LLMs do consume more energy for complex questions. That's the original CoT insight. If you give them the space to "think out loud" their performance improves.

The current mainstream models don't really incorporate that insight into the core neural architectures as far as anyone knows, but there are papers that explore things like pause tokens which let the model do more computation without emitting words. This doesn't seem like a fundamental limitation let alone something that should be core to the definition of intelligence.

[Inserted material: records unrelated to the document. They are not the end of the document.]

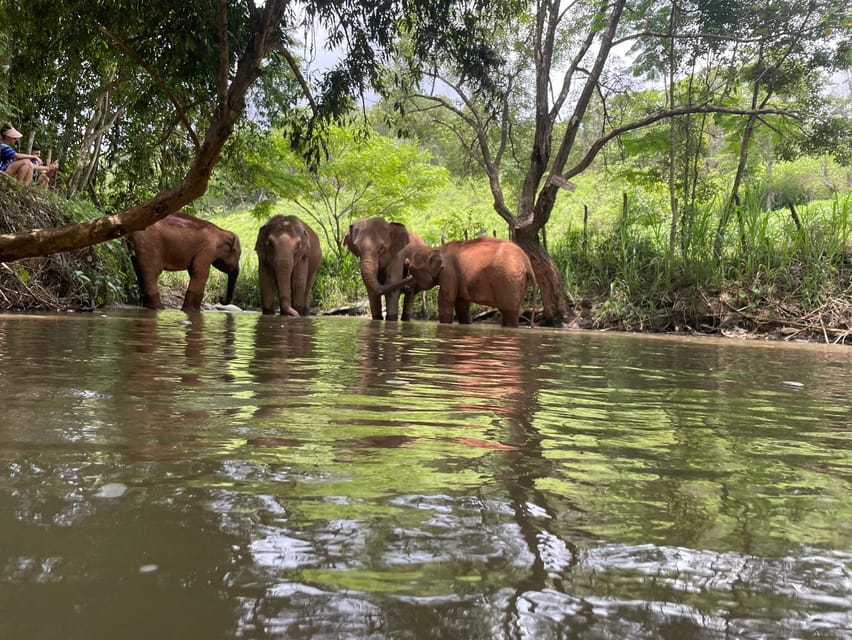 Chiang Mai: Elephant Dream Project Sanctuary - Half-Day - Lunch in the village: Thai flavors and a welcome reset
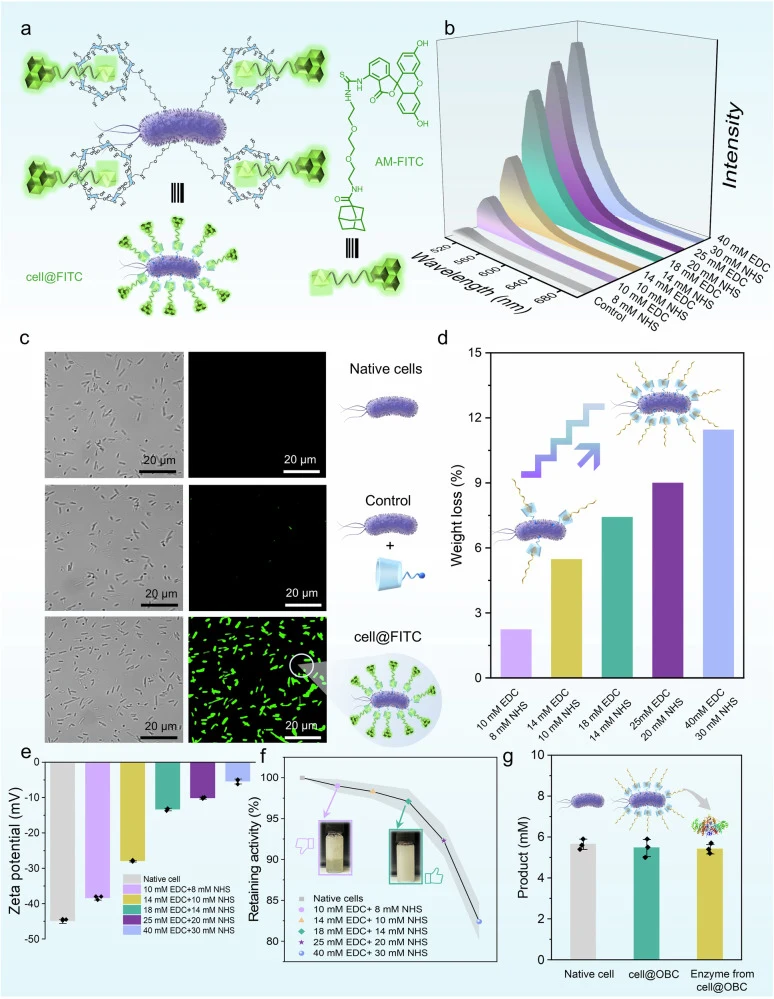 a Schematic of cell@CD fluorescence labeling. b The concentration of the coupling agent was positively correlated with t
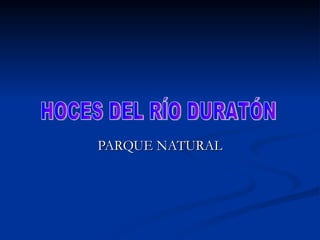 PARQUE NATURAL HOCES DEL RÍO DURATÓN 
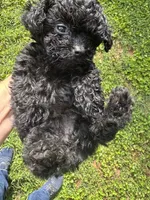 Raven , a female Poodle - Toy  for sale in York, SC – 1 of 3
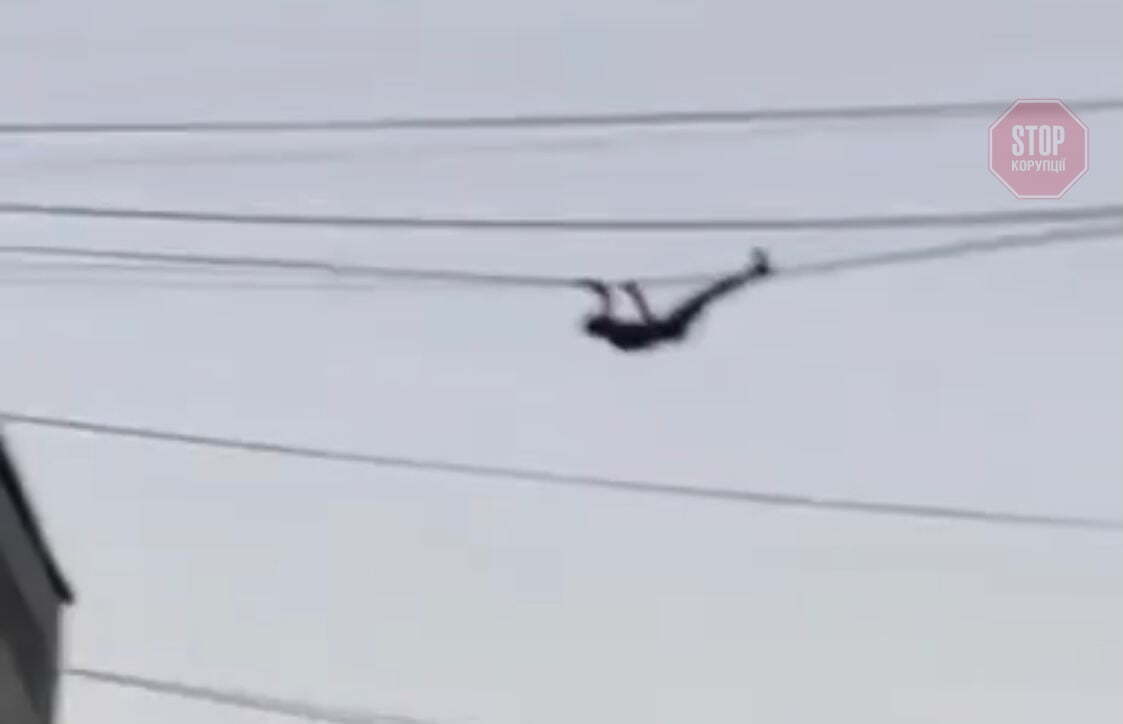  Фото: скріншот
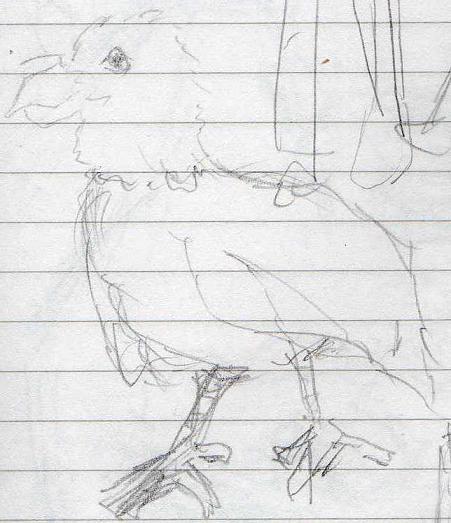 bird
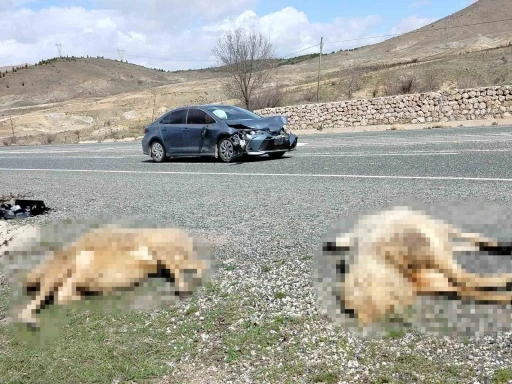 Otomobil koyun s&uuml;r&uuml;s&uuml;ne daldı: 9 koyun telef oldu

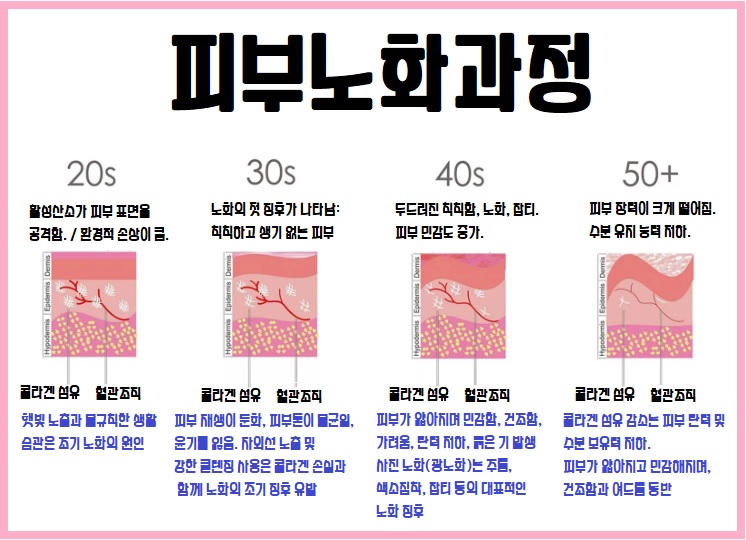 항노화(Anti-aging) 피부노화과정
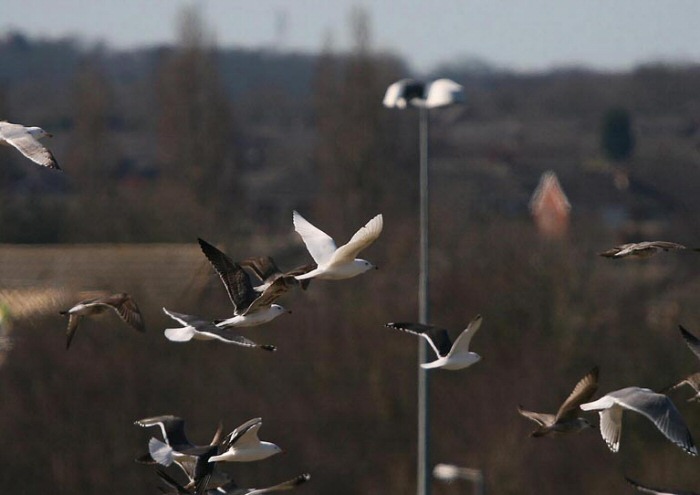 Iceland Gull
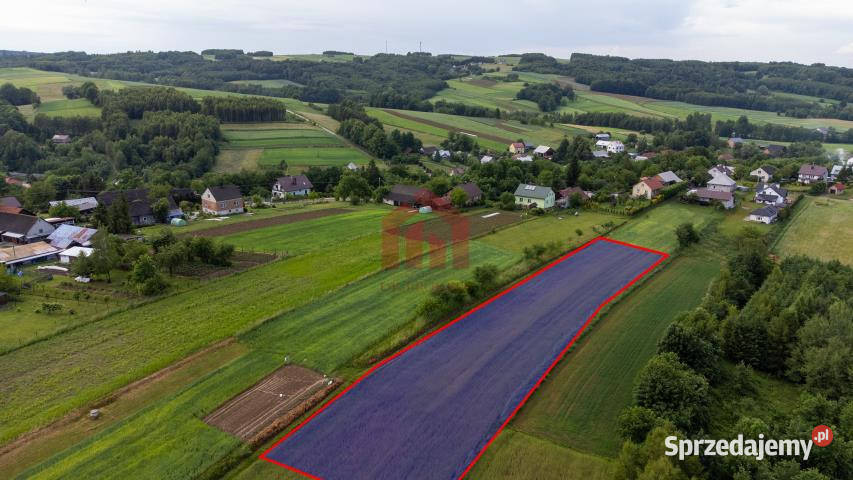 Grunt 2800m2 Zagorzyce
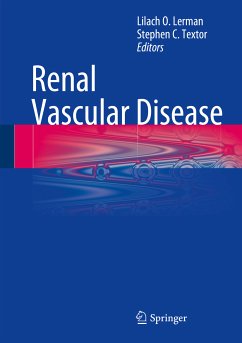 Renal Vascular Disease (eBook, PDF)
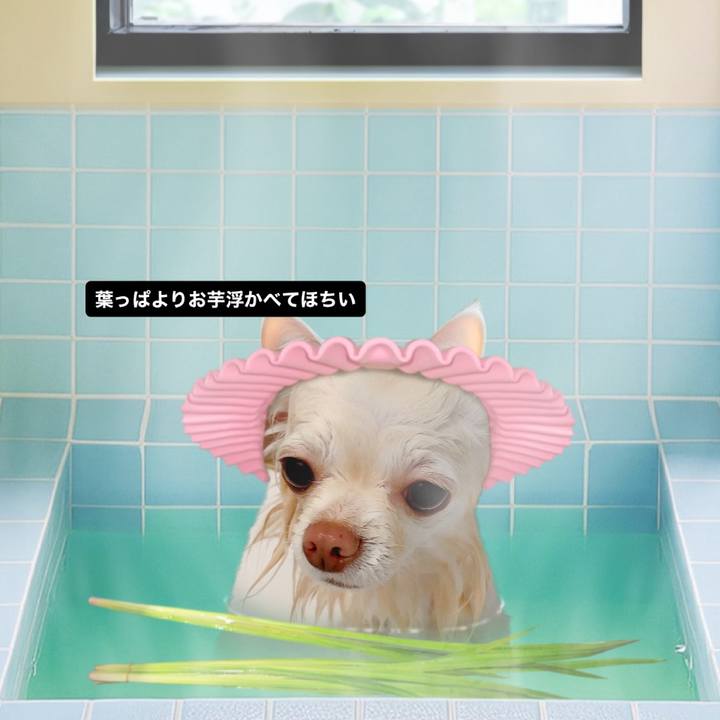 A29a955c 8699 4919 bcf5 cf2ff6f4946b 1714472123559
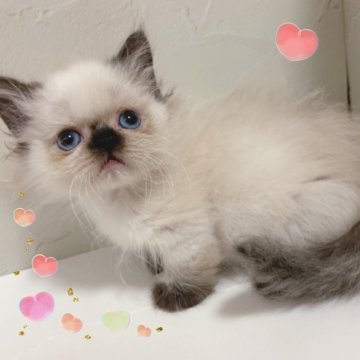 ミヌエット(短足)【東京都・男の子・2025年8月21日・シールポイント】の写真「♡短足ミヌエット　シールポイントの男の子♡」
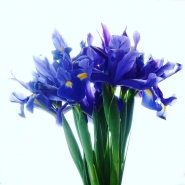 Filename=Iris_1080px.jpg
Filesize=139KB
Dimensions=1080x1080
Date added=Apr 30, 2022 Iris_1080px.jpg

After all, to my eternal sadness humans don't seem to use more energy to answer complex questions either. You can't lose weight by thinking about hard stuff a lot, even though it'd be intuitive that you can. Quite the opposite. People who sit around thinking all day tend to put on weight.


> Way faster thinkers, readers, writers and computer operators than humans are

> Way better educated

> Way better at drawing/painting

I mean this nicely, but you have fallen for the anthropomorphizing of LLMs by marketing teams.

None of this is "intelligent", rather it's an incredibly sophisticated (and absolutely beyond human capabilities) lookup and classification of existing information.

And I am not arguing that this has no value, it has tremendous value, but it's not superintelligence in any sense.

LLMs do not "think".


Yeah well, sorry, but I have little patience anymore for philosophical word games. My views are especially not formed by marketing teams: ChatGPT hardly has one. My views are formed via direct experience and paper reading.

Imagine going back in time five years and saying "five years from now there will be a single machine that talks like a human, can imagine creative new artworks, write Supreme Court judgements, understand and display emotion, perform music and can engage in sophisticated enough reasoning to write programs. Also, HN posters will claim it's not really intelligent". Everyone would have laughed. They'd think you were making a witticism about the way people reclassify things as not-really-AI the moment they actually start to work well, a well known trope in the industry. They wouldn't have thought you were making a prediction of the future.

At some point, what matters is outcomes. We have blown well past the point of super-intelligent outcomes. I really do not care if GPT-4o "thinks" or does not "think". I can go to chatgpt.com right now and interact with something that is for all intents and purposes indistinguishable from super-intelligence ... and everything is fine.